◆ **TASK TO CARRY OUT**
What needs reproducing is the run of lines in the data below starting at the line with "Sobrado à venda" and ending at the line with "in Marzamemi, Pachino", both ends included. Copy it exactly, without pictures, and add nothing.

[DATA Boundary: Start]

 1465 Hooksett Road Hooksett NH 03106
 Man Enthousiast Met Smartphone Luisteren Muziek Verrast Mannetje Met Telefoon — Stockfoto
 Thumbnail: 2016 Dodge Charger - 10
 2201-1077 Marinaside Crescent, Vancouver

[DATA Boundary: End]
[DATA Boundary: Start]

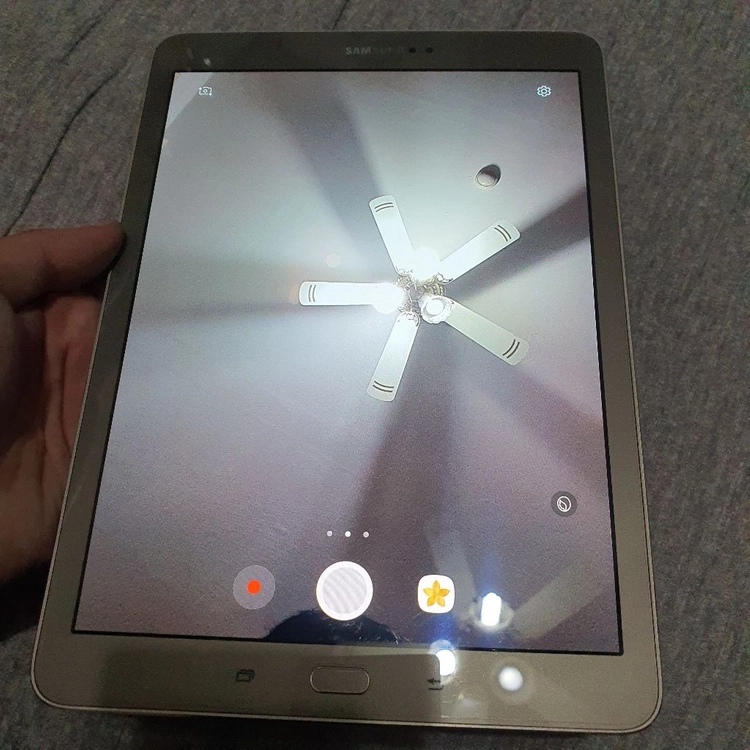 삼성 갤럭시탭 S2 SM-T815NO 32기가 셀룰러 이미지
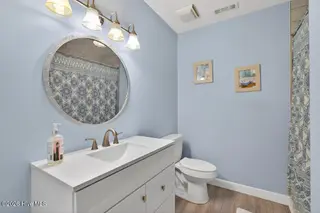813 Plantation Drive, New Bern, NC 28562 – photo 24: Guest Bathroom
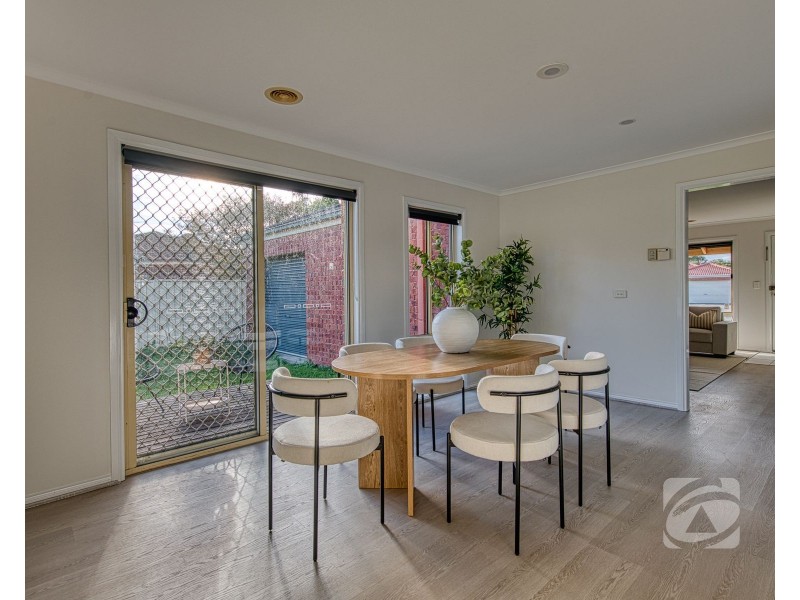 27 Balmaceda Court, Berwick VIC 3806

[DATA Boundary: End]
[DATA Boundary: Start]

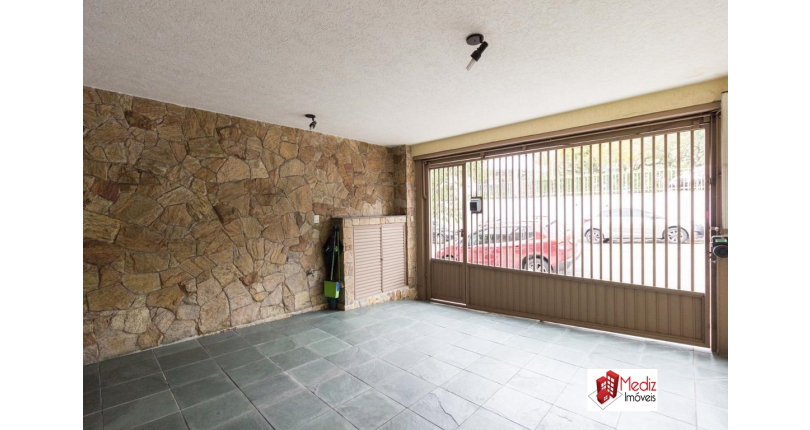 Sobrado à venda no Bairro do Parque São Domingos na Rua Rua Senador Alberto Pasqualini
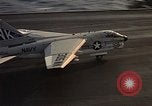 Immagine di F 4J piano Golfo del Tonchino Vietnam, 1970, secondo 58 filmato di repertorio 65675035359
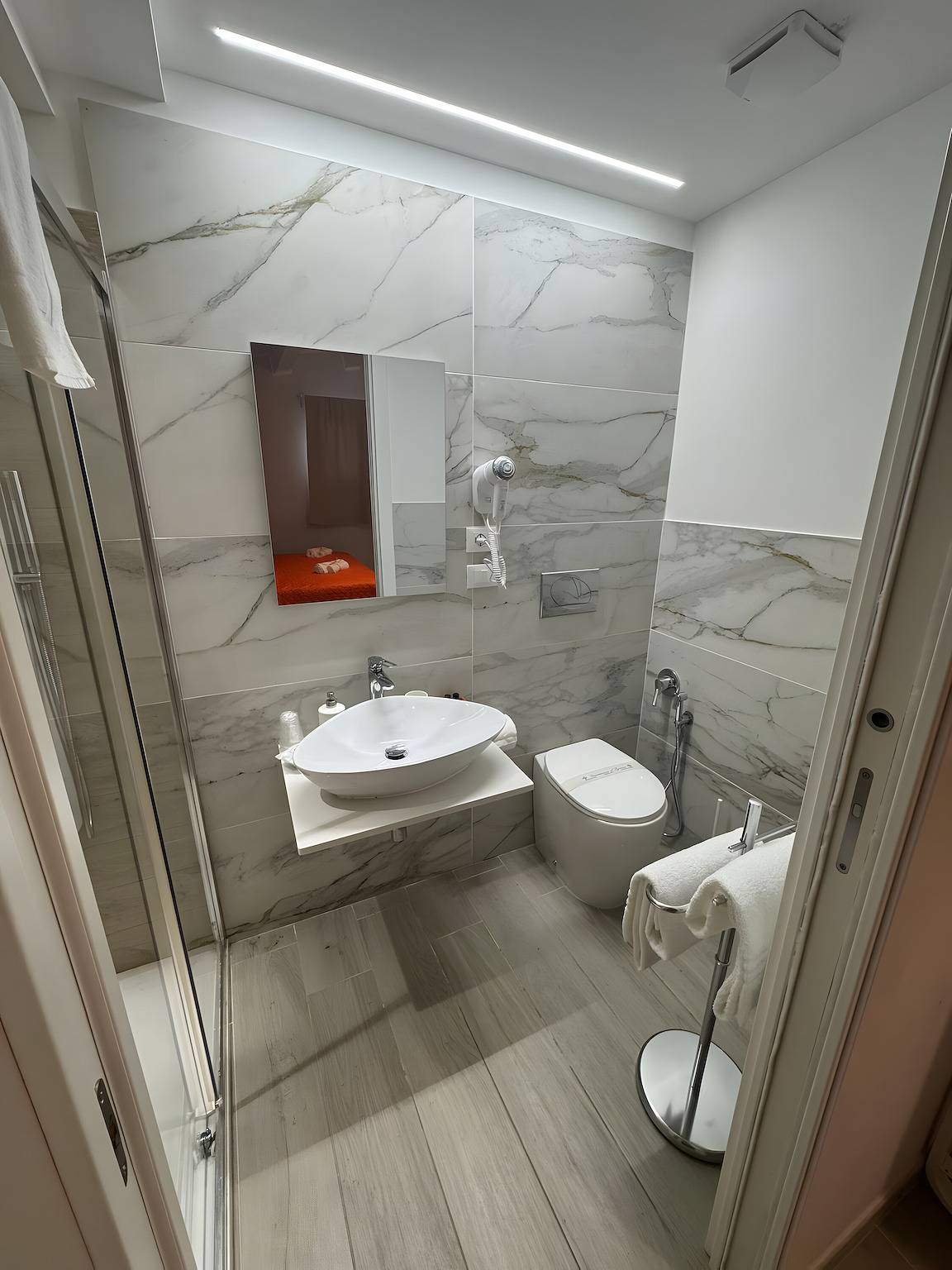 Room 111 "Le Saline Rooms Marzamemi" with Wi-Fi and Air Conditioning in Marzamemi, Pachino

[DATA Boundary: End]

◆ **RESULT OF THE TASK**
 Sobrado à venda no Bairro do Parque São Domingos na Rua Rua Senador Alberto Pasqualini
 Immagine di F 4J piano Golfo del Tonchino Vietnam, 1970, secondo 58 filmato di repertorio 65675035359
 Room 111 "Le Saline Rooms Marzamemi" with Wi-Fi and Air Conditioning in Marzamemi, Pachino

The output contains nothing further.